EXERCISE DESCRIPTION:
Return the complete listing exactly as it reads, with each picture removed.
>>>
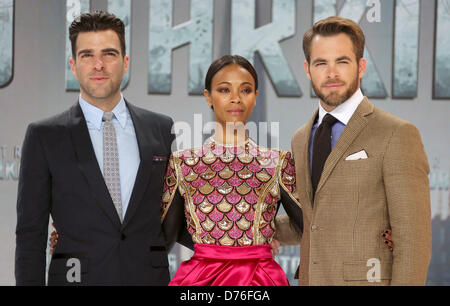 Berlin, Germany, 29 April 2013. Actors Zachary Quinto (L), Zoe Saldana and Chris Pine pose for the press prior to the premiere of the film 'Star Trek Into Darkness' in Berlin, Germany, 29 April 2013. The film hits German theaters on 09 May 2013. Photo: Hannibal/DPA/Alamy Live News Stock Photo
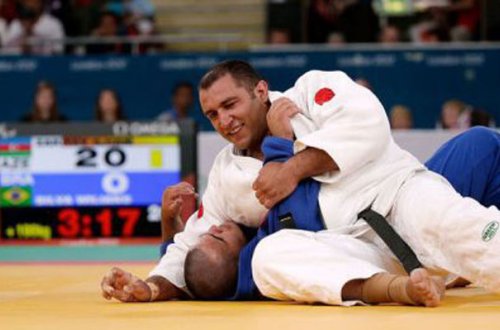 İlham Zəkiyev Avropa çempionu oldu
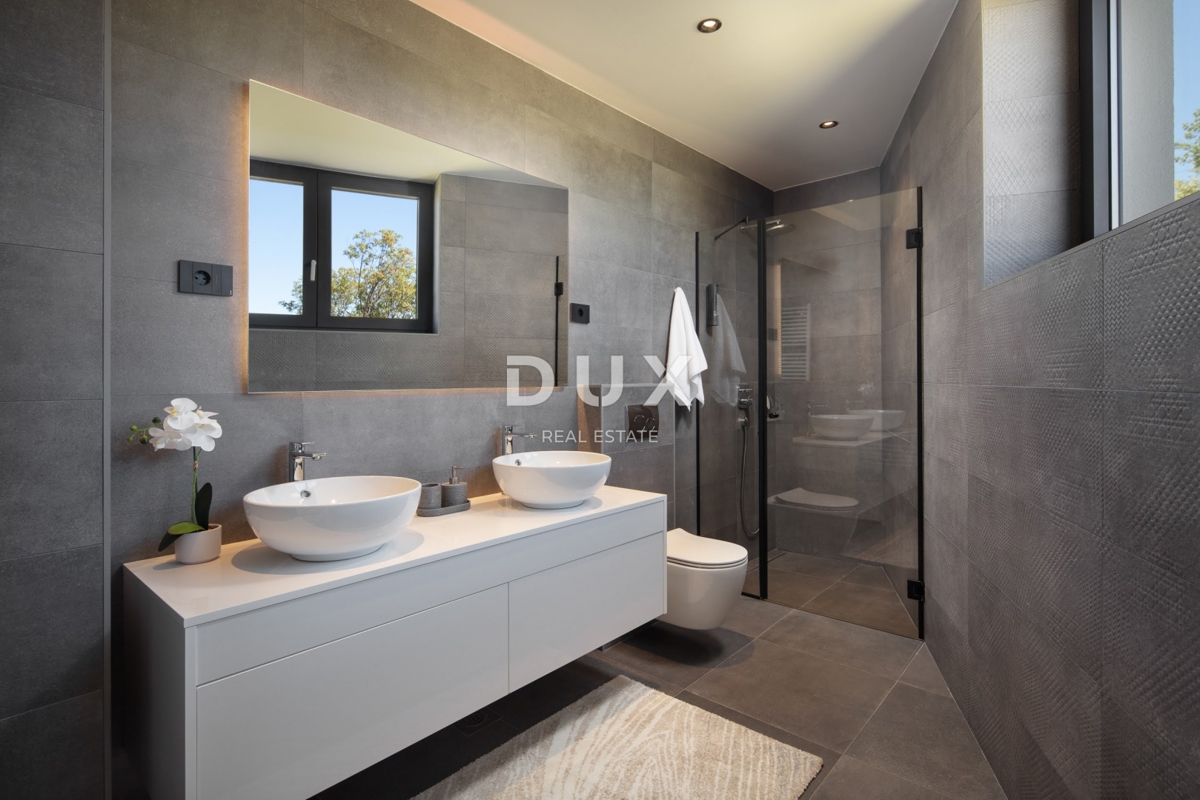 ISTRA, LABIN - Moderna vila obdana z naravo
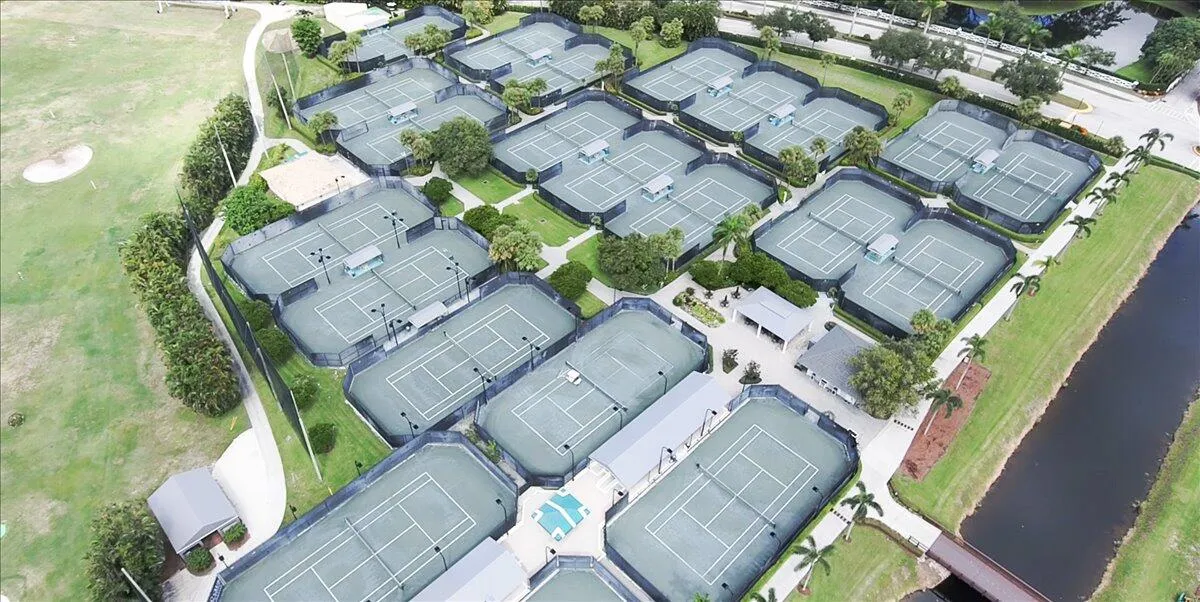 38-TennisGolf-1
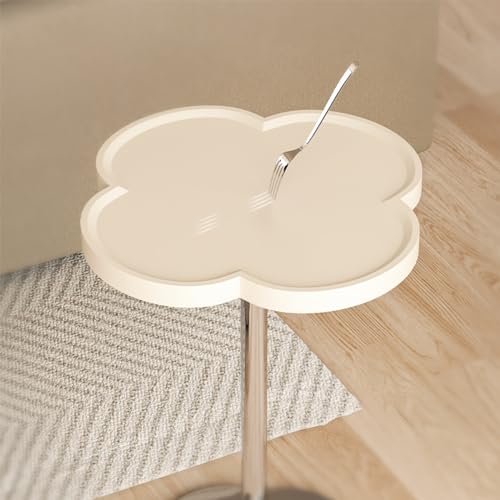 Petite table d'appoint irrégulière pour un balcon cocooning et cosy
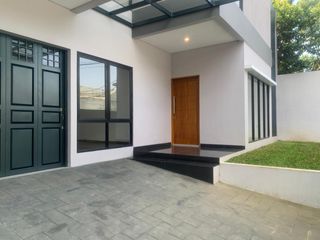 Y. DISEWAKAN RUMAH MEWAH 100% BARU JALAN CIPAGANTI BANDUNG
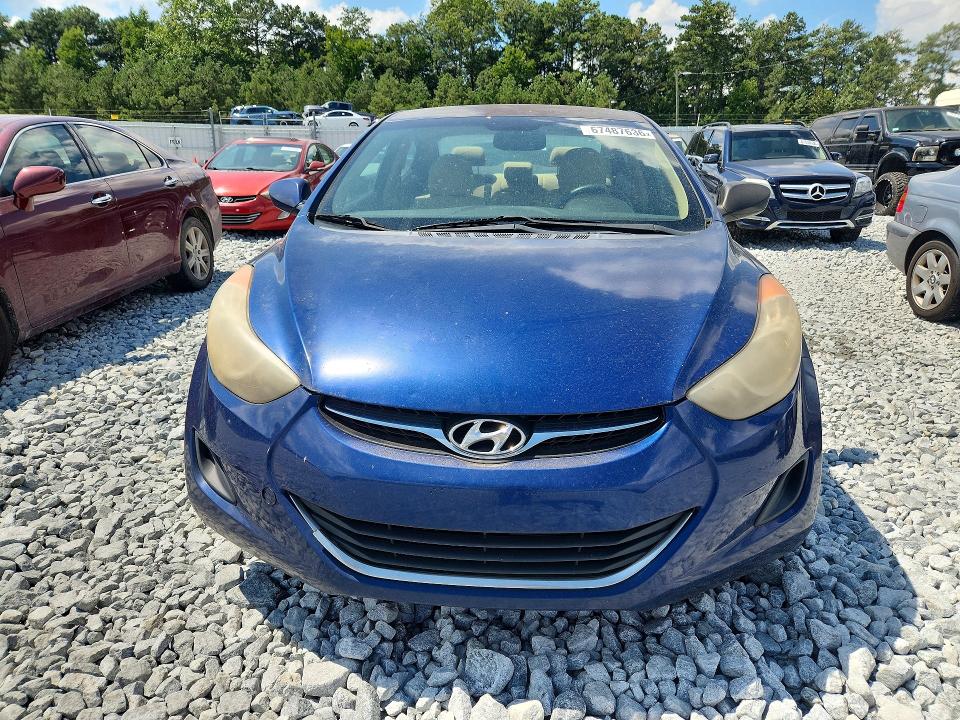 Photo 5 from auction – 2013 HYUNDAI ELANTRA with VIN KMHDH4AE5DU554396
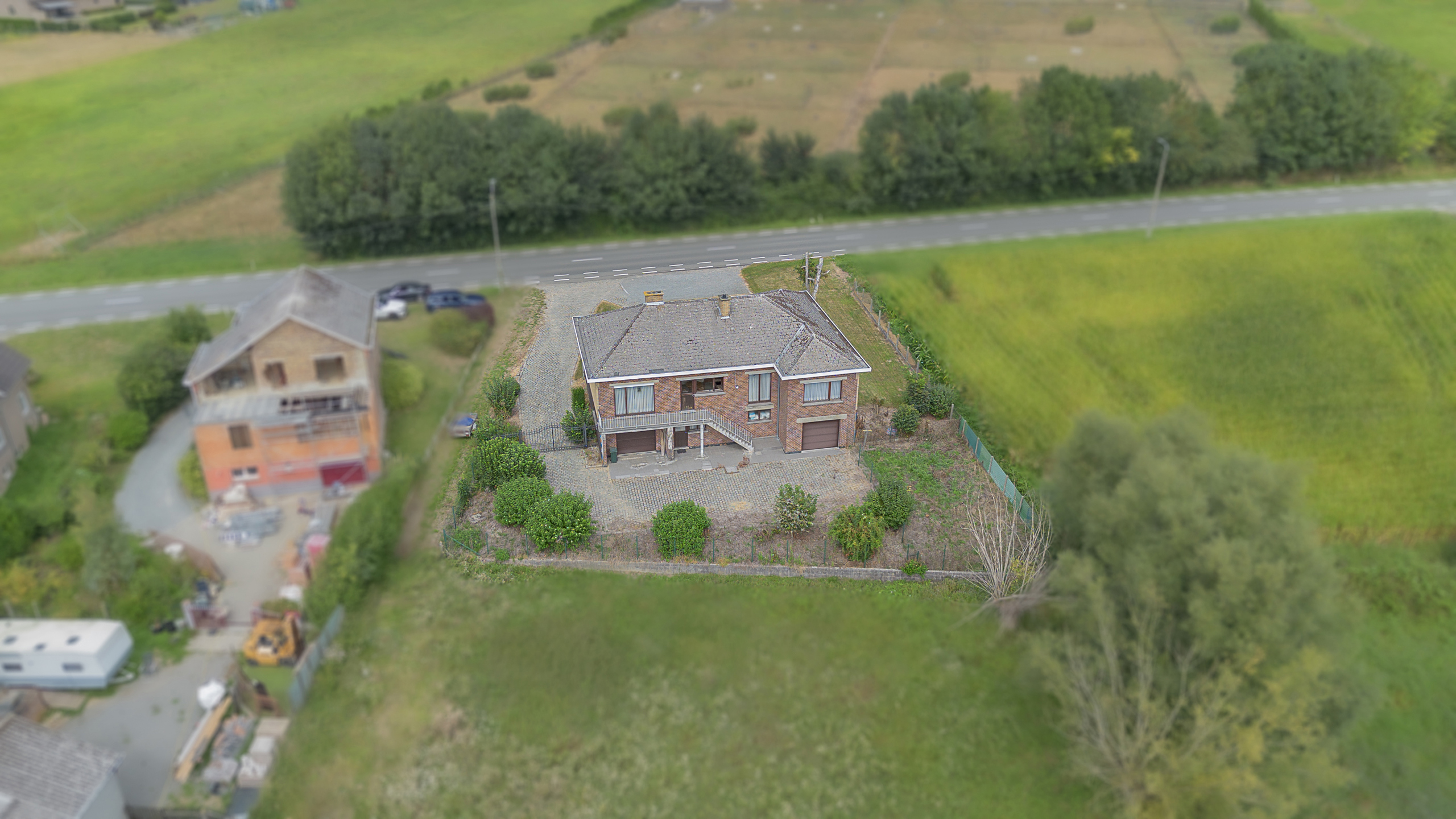 LIERDE - Stevige en verzorgde 4-gevelwoning met open zicht - foto 3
<<<
ANSWER AREA:
 Berlin, Germany, 29 April 2013. Actors Zachary Quinto (L), Zoe Saldana and Chris Pine pose for the press prior to the premiere of the film 'Star Trek Into Darkness' in Berlin, Germany, 29 April 2013. The film hits German theaters on 09 May 2013. Photo: Hannibal/DPA/Alamy Live News Stock Photo
 İlham Zəkiyev Avropa çempionu oldu
 ISTRA, LABIN - Moderna vila obdana z naravo
 38-TennisGolf-1
 Petite table d'appoint irrégulière pour un balcon cocooning et cosy
 Y. DISEWAKAN RUMAH MEWAH 100% BARU JALAN CIPAGANTI BANDUNG
 Photo 5 from auction – 2013 HYUNDAI ELANTRA with VIN KMHDH4AE5DU554396
 LIERDE - Stevige en verzorgde 4-gevelwoning met open zicht - foto 3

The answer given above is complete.